RECORDS PROVIDED START

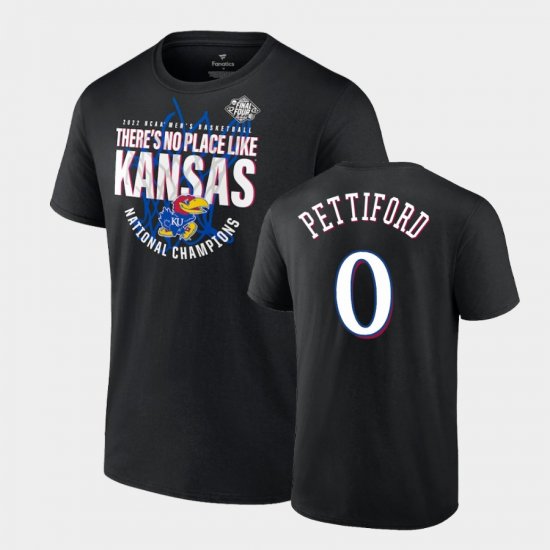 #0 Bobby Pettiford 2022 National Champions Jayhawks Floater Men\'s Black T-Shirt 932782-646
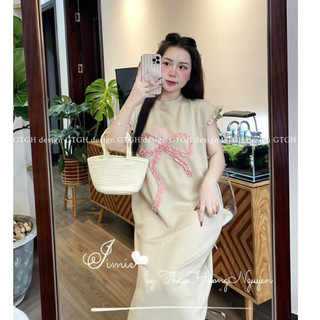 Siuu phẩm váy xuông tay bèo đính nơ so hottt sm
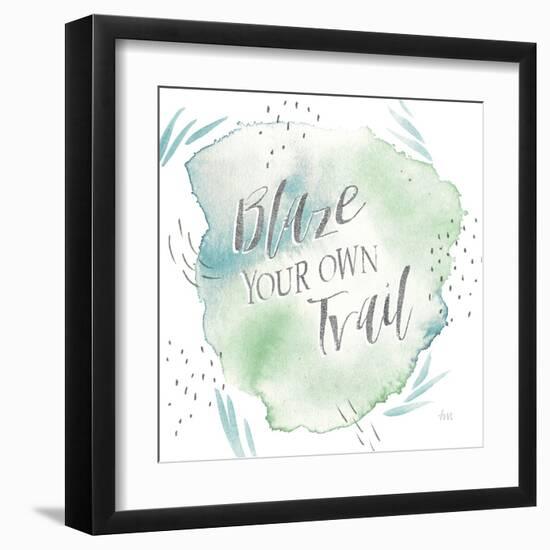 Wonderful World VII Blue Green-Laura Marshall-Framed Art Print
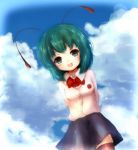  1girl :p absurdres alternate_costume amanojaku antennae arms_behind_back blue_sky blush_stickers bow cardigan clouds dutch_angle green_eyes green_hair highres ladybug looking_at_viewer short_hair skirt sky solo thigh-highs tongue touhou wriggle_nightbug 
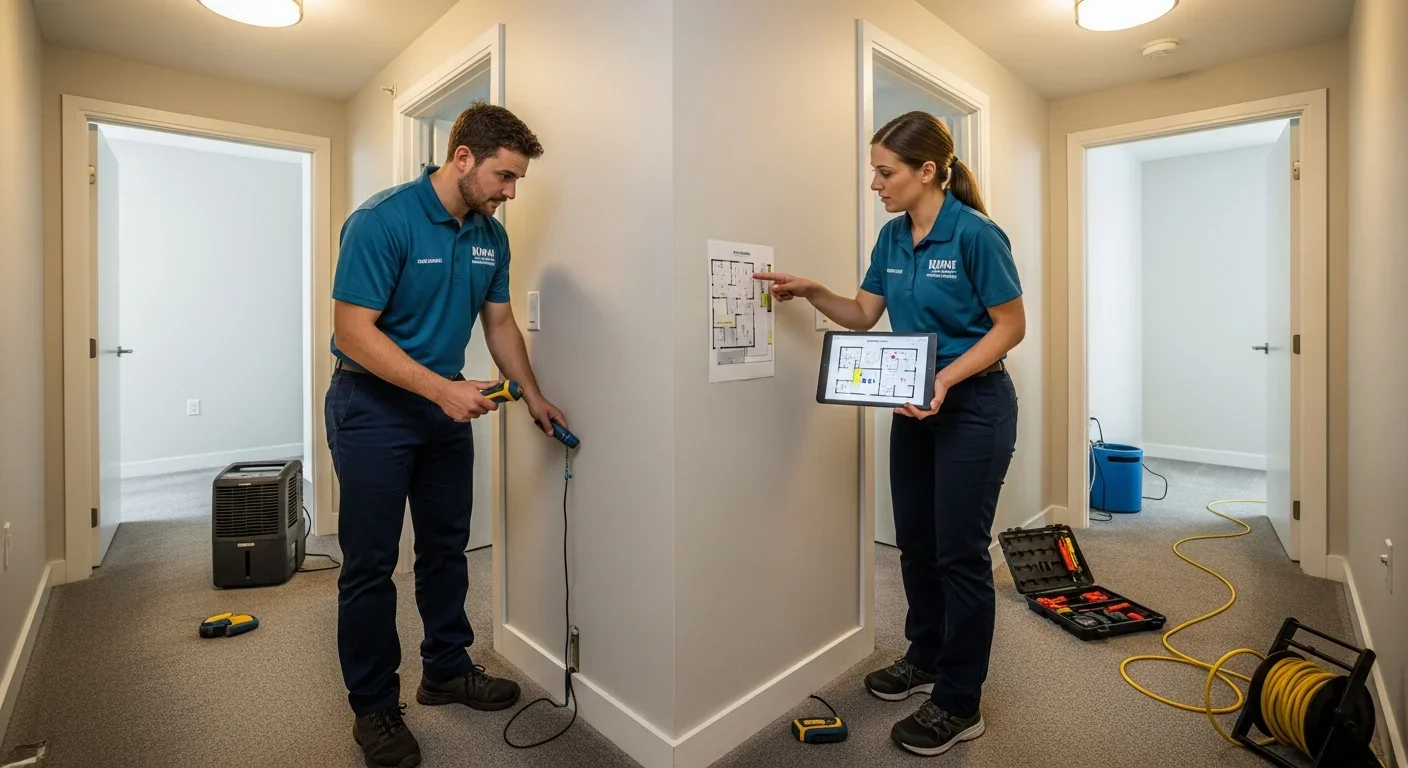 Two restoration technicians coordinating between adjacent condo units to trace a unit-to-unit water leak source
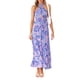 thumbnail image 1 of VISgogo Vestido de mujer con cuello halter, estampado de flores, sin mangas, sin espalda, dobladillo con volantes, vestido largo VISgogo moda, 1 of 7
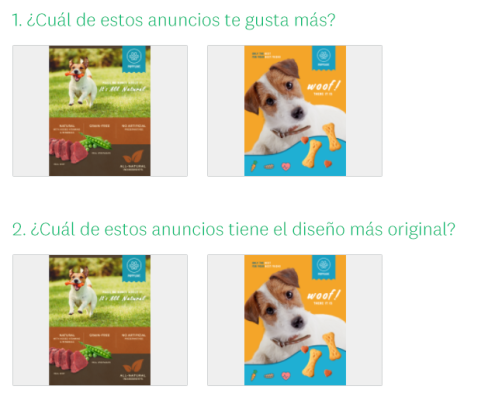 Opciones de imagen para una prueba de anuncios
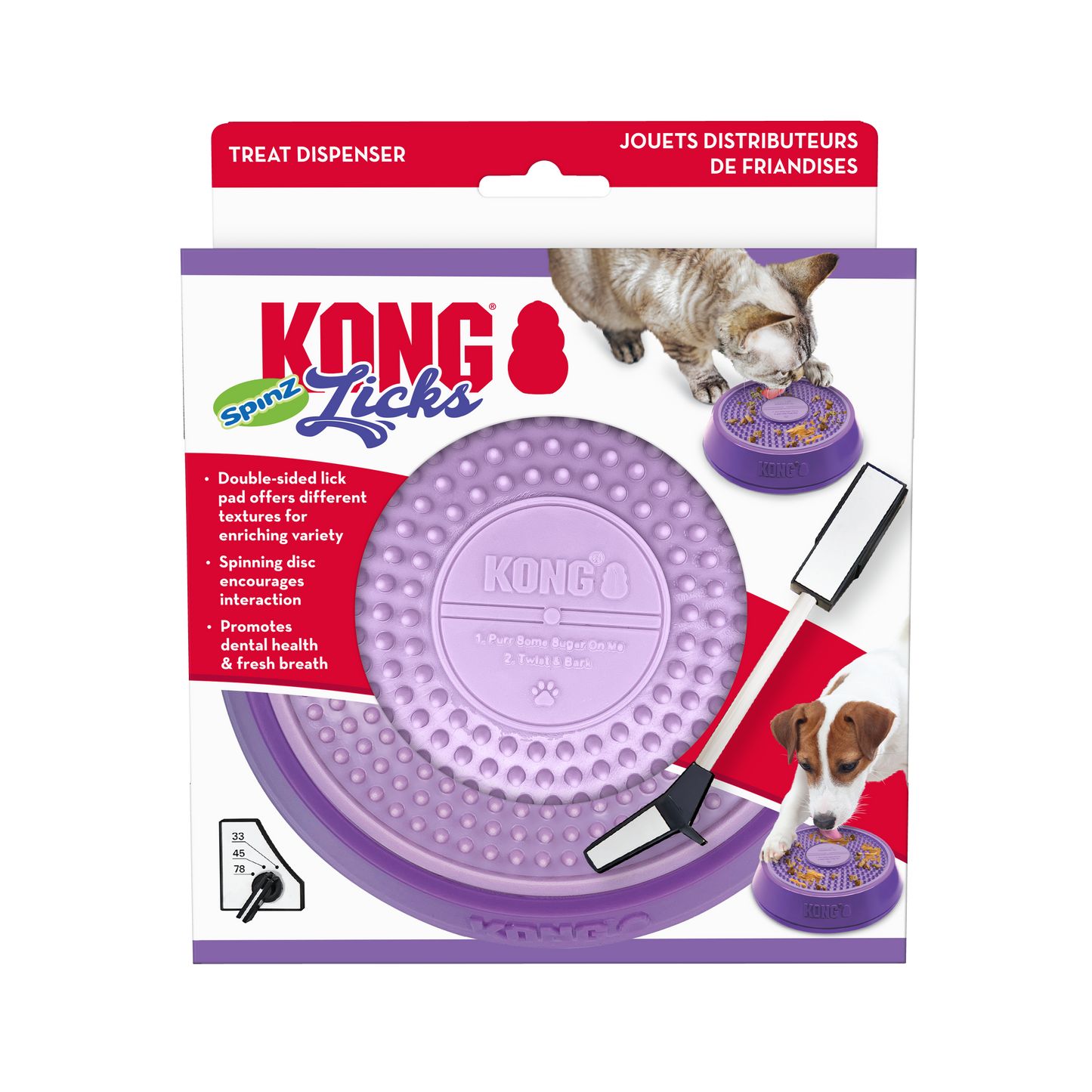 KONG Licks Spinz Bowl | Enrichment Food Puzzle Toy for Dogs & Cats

RECORDS PROVIDED END

§ **TASK INSTRUCTIONS**: The data above holds the lines to copy: start at the one with "Two restoration technicians", stop at the one with "Opciones de imagen", include both, copy them exactly without pictures, and copy nothing else.

§ **ANSWER FOR THE TASK**:
 Two restoration technicians coordinating between adjacent condo units to trace a unit-to-unit water leak source
 thumbnail image 1 of VISgogo Vestido de mujer con cuello halter, estampado de flores, sin mangas, sin espalda, dobladillo con volantes, vestido largo VISgogo moda, 1 of 7
 Opciones de imagen para una prueba de anuncios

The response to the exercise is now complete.